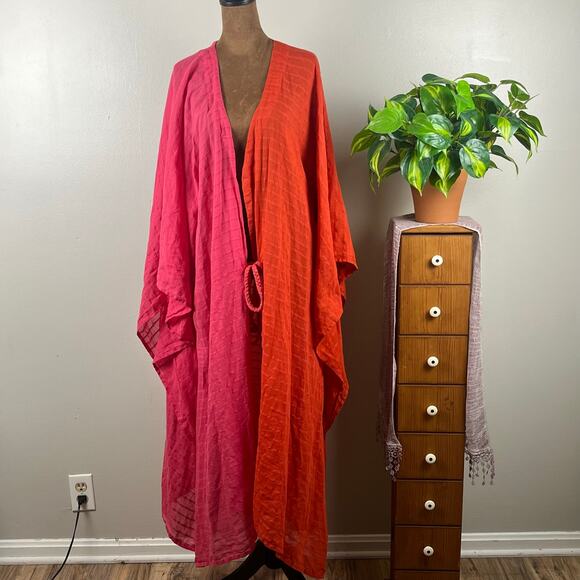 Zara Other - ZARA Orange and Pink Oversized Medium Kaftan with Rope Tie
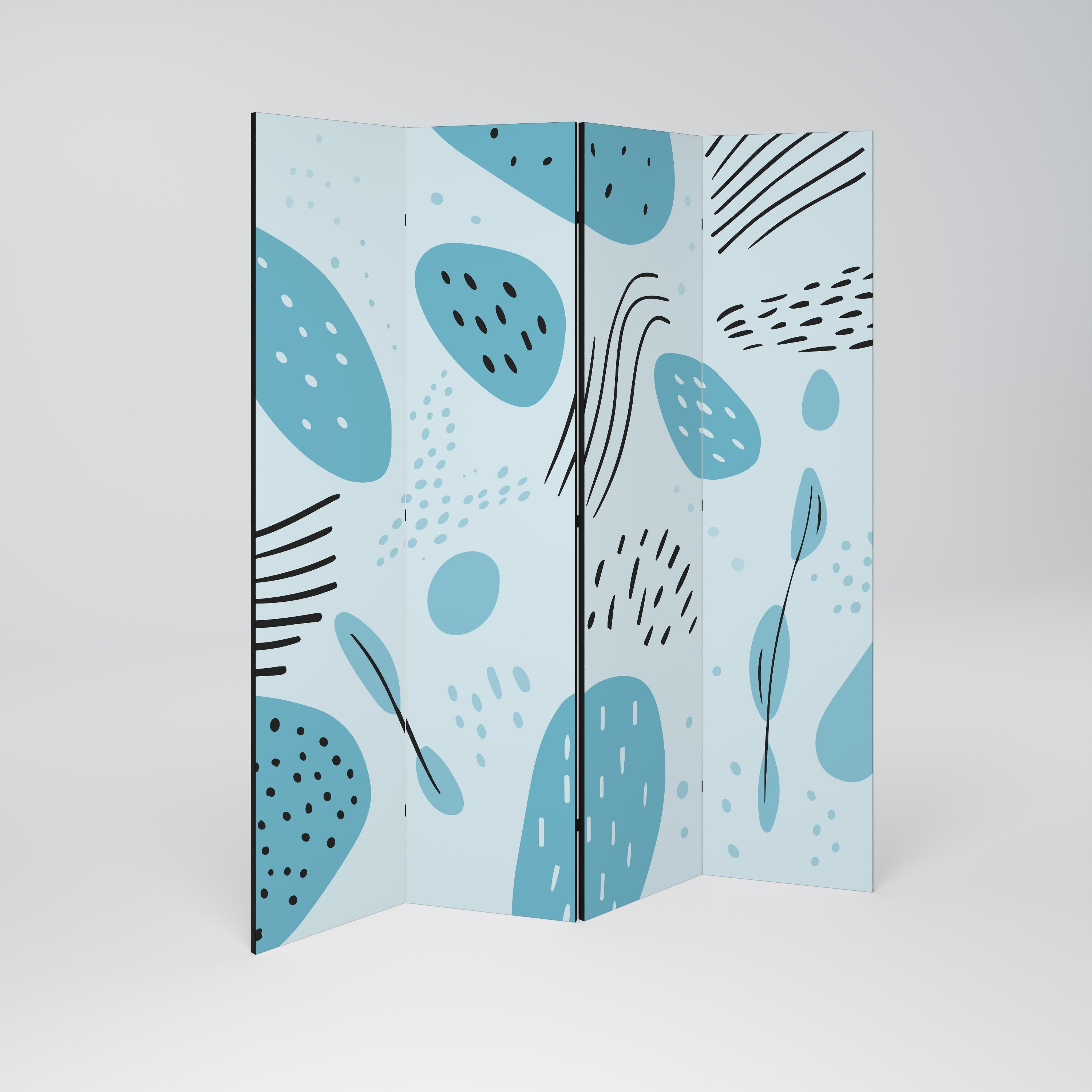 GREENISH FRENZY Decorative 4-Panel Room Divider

--

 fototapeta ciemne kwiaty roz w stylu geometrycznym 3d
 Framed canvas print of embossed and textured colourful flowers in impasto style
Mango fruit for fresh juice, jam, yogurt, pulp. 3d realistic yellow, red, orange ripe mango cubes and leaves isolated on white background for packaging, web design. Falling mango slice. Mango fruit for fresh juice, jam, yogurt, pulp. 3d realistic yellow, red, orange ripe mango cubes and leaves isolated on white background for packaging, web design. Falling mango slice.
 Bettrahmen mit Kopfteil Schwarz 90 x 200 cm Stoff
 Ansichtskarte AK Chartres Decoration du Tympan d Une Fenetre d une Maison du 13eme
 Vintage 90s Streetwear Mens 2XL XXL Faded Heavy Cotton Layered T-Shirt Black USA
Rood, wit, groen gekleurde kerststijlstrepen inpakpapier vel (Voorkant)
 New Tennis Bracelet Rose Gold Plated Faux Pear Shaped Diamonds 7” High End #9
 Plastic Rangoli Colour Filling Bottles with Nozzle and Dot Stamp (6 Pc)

** TASK DESCRIPTION **
Please transcribe exactly the lines above from the line that has "Vintage 90s Streetwear" up to and including the line that has "Plastic Rangoli Colour"; no other line belongs in the answer.

** SOLUTION TO THIS EXERCISE **
 Vintage 90s Streetwear Mens 2XL XXL Faded Heavy Cotton Layered T-Shirt Black USA
Rood, wit, groen gekleurde kerststijlstrepen inpakpapier vel (Voorkant)
 New Tennis Bracelet Rose Gold Plated Faux Pear Shaped Diamonds 7” High End #9
 Plastic Rangoli Colour Filling Bottles with Nozzle and Dot Stamp (6 Pc)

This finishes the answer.